[PATCH v7 3/8] parser: Add series parsing
Stephen Finucane
stephen at that.guru
Sun Oct 30 00:13:35 AEDT 2016
It is now possible to parse and store series, so do just that.
The parsing at the moment is based on both RFC822 headers and
subject lines.
Signed-off-by: Stephen Finucane <stephen at that.guru>
Reviewed-by: Andy Doan <andy.doan at linaro.org>
Reviewed-by: Daniel Axtens <dja at axtens.net>
Reviewed-by: Andrew Donnellan <andrew.donnellan at au1.ibm.com>
Tested-by: Russell Currey <ruscur at russell.cc>
---
v7:
- Update to reference 'Series', not 'SeriesRevision'
- Clarify why we need to save SeriesReference objects
- Rename some functions
v4:
- Update per new 'SeriesRevision'-'Patch' relationship
v3:
- Rework how nested series are handled once again
- Don't search for references when creating a cover letter
v2:
- Rebase onto master, moving changes into 'parser'
- Add unit tests
- Merge "Handle 'xxx (v2)' style messages" patch
- Merge "Handle series sent 'in-reply-to'" patch
- Handle capitalized version prefixes like [V2]

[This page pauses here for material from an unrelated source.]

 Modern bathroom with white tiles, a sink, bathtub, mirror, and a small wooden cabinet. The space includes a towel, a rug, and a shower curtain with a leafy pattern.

- Trivial cleanup of some parser functions
---
patchwork/parser.py | 138 ++++++++++++++++++++++++++++++++++++++---
patchwork/tests/test_parser.py | 112 +++++++++++++++++++++++++++------
patchwork/tests/utils.py | 25 ++++++++
3 files changed, 248 insertions(+), 27 deletions(-)
diff --git a/patchwork/parser.py b/patchwork/parser.py
index 15476b1..a4036ff 100644
--- a/patchwork/parser.py
+++ b/patchwork/parser.py
@@ -21,8 +21,10 @@
import codecs
import datetime
-from email.header import decode_header, make_header
-from email.utils import parsedate_tz, mktime_tz
+from email.header import decode_header
+from email.header import make_header
+from email.utils import mktime_tz
+from email.utils import parsedate_tz
from fnmatch import fnmatch
import logging
import re
@@ -30,9 +32,17 @@ import re
from django.contrib.auth.models import User
from django.utils import six
-from patchwork.models import (Patch, Project, Person, Comment, State,
- DelegationRule, Submission, CoverLetter,
- get_default_initial_patch_state)
+from patchwork.models import Comment
+from patchwork.models import CoverLetter
+from patchwork.models import DelegationRule
+from patchwork.models import get_default_initial_patch_state
+from patchwork.models import Patch
+from patchwork.models import Person
+from patchwork.models import Project
+from patchwork.models import Series
+from patchwork.models import SeriesReference
+from patchwork.models import State
+from patchwork.models import Submission
_hunk_re = re.compile(r'^\@\@ -\d+(?:,(\d+))? \+\d+(?:,(\d+))? \@\@')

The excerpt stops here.